How many is too many? Says who?

Friday is traditionally considered to be cat blogging day, but with the exception of an occasional visit with cats, I've almost never engaged in cat-blogging. That's because I own no cats, and I'm allergic to them. I'd buy one of those new hypoallergenic cats, but they cost nearly $4000.00, so it'll have to wait for a major market correction. At the rate cats breed, though, you'd think that wouldn't take too long:

One cat and her litter can produce 420,000 cats in seven years - 10 million in 10 years!
And I'm sure they're starting with more than one....

Is there such a thing as having too many cats? We've all heard about so-called "animal hoarders" who are found living in squalid conditions with hundreds of cats, but woman in this area was recently cited for having fifteen cats in her home:

The Health Department and Borough Council say Smith and her 15 cats are in violation of an ordinance prohibiting residents from keeping more than four cats - and the fourth has to be approved.

Smith, who is a volunteer for Furrever Friends Rescue and Volunteers, a cat-rescue organization, describes herself as a foster "mom" to her cats.
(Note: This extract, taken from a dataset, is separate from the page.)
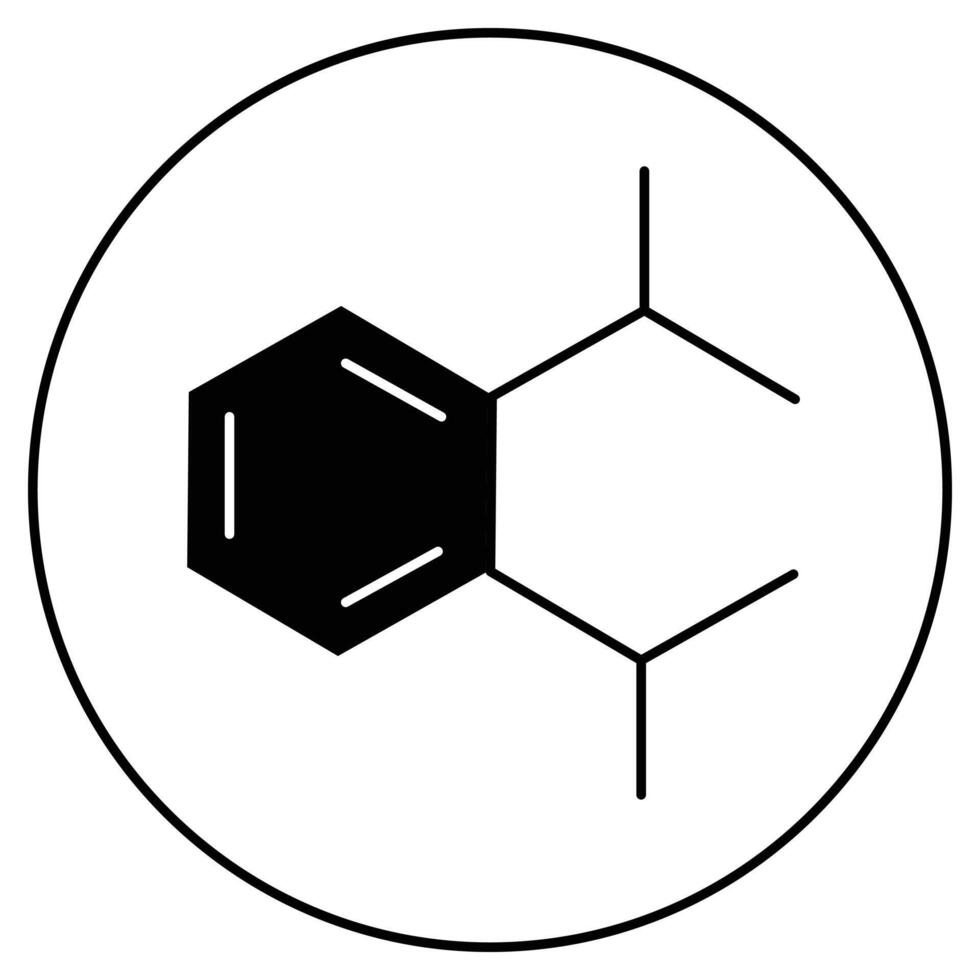 Phthalate-Free Sustainable Chemistry Formula Icon Design vector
She has been rescuing cats and kittens since 2005 and says the rescue group is doing the town a service by taking them in.

So far, she has provided foster care to 19 felines as a Furrever Friends volunteer. In April, she was part of a team that took in five kittens found in a beer box sealed with duct tape and thrown into a garbage dump. Those kittens have been placed in homes, she said.

In July, after receiving a letter from the borough saying she had to remove the excess cats, she took her cause to the Borough Council, to no avail.

"He has no comment," Borough Clerk Barbara Lewis said yesterday, speaking for Mayor John Soubasis. "The ordinance is staying like it [is], and that's how it was decided."

She's fighting it, though.

Putting aside the question of the fine line between "animal rescue" and "animal hoarding," how might most libertarians analyze this? Clearly, the woman should have a right to conduct her life any way she sees fit, and, psychological judgments aside, if she isn't creating a health hazard or annoying the neighbors, I don't know whose business it is how many cats she has.

Besides, if they can limit the number of animals, why not other things? Like guns, perhaps? Why not people? In the area surrounding the university I live near, local zoning laws prohibit more than three unrelated students from living together.

Did the cats who wrote the "man's home is his castle" doctrine take into account zoning?

MORE: In Saudi Arabia, the sale of cats has been banned as a "Western influence," even though the prophet Muhammad loved them -- "in one instance letting a cat drink from his ablutions water before washing himself for prayers."

Now why would they pass a clearly un-Islamic law?